Increased ferritin with contraceptives containing ethinyl estradiol drospirenone in polycystic ovary syndrome: a paradox of iron storage and iron deficiency.

OBJECTIVES

The relationship between elevated ferritin levels and metabolic abnormalities in PCOS patients, and whether ferritin is a cause or a consequence, is still debated. This study aimed to evaluate the impacts of the fourth generation combined oral contraceptive containing ethinyl estradiol/drospirenone (EE 30 mcg/DRSP 3 mg), known for its favorable metabolic profile and lower side effect risk, on iron metabolism in PCOS patients, while also exploring the potential relationship between metabolic parameters and iron status.

METHODS

The retrospective analysis was conducted on 81 women aged 18-45, diagnosed with PCOS according to the Rotterdam criteria and treated with EE/DRSP for six months.
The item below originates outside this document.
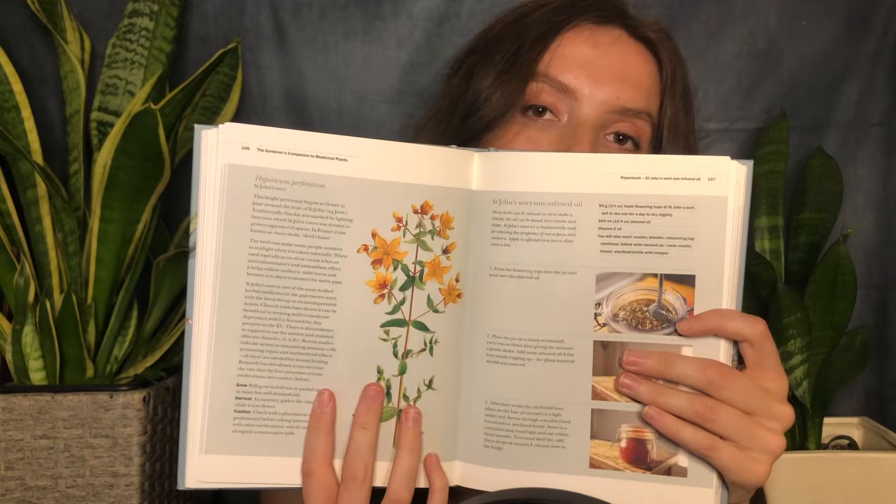The next plant that I think would be a great addition to your medicinal garden is Hypericum perforatum, also known as St. John's Wort — which you might have heard of, as my grandmother always tells me to use it whenever I have any sort of problem. As well as being antibacterial, St. John's Wort has also been proven to have antidepressant action. It also promotes repair in the body and supports the immune system. If you want to grow St. John's Wort, it prefers moist but well-drained soil and is to be harvested in the summer.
Exclusion criteria were lack of data, secondary hyperandrogenemia, major medical conditions, or recent use of medications affecting hormone levels or iron metabolism. Pre- and post-treatment anthropometric measurements, hormonal and metabolic markers, and iron parameters were obtained from records.

RESULTS

Post-treatment ferritin levels significantly increased (p = 0.001), while hemoglobin, hematocrit, and transferrin saturation decreased especially in overweight/obese patients (p = 0.012, p = 0.002, p = 0.017 respectively), suggesting a response to inflammation rather than iron storage disorders. Although overall CRP levels did not change significantly, post-treatment CRP levels were higher in overweight/obese patients compared to lean PCOS patients (p = 0.003). Ferritin levels were positively correlated with body mass index (p = 0.008, r = 0.310), insulin resistance indices (p = 0.027, r = 0.248), and the free androgen index (p = 0.001, r = 0.367) after treatment. Pre-treatment menstrual cycle length had no effect on ferritin.

CONCLUSIONS

The study revealed a paradoxical increase in ferritin levels with EE/DRSP treatment, highlighting the complex role of ferritin as a metabolic marker in PCOS patients, particularly in relation to obesity, which is typically associated with low-grade chronic inflammation.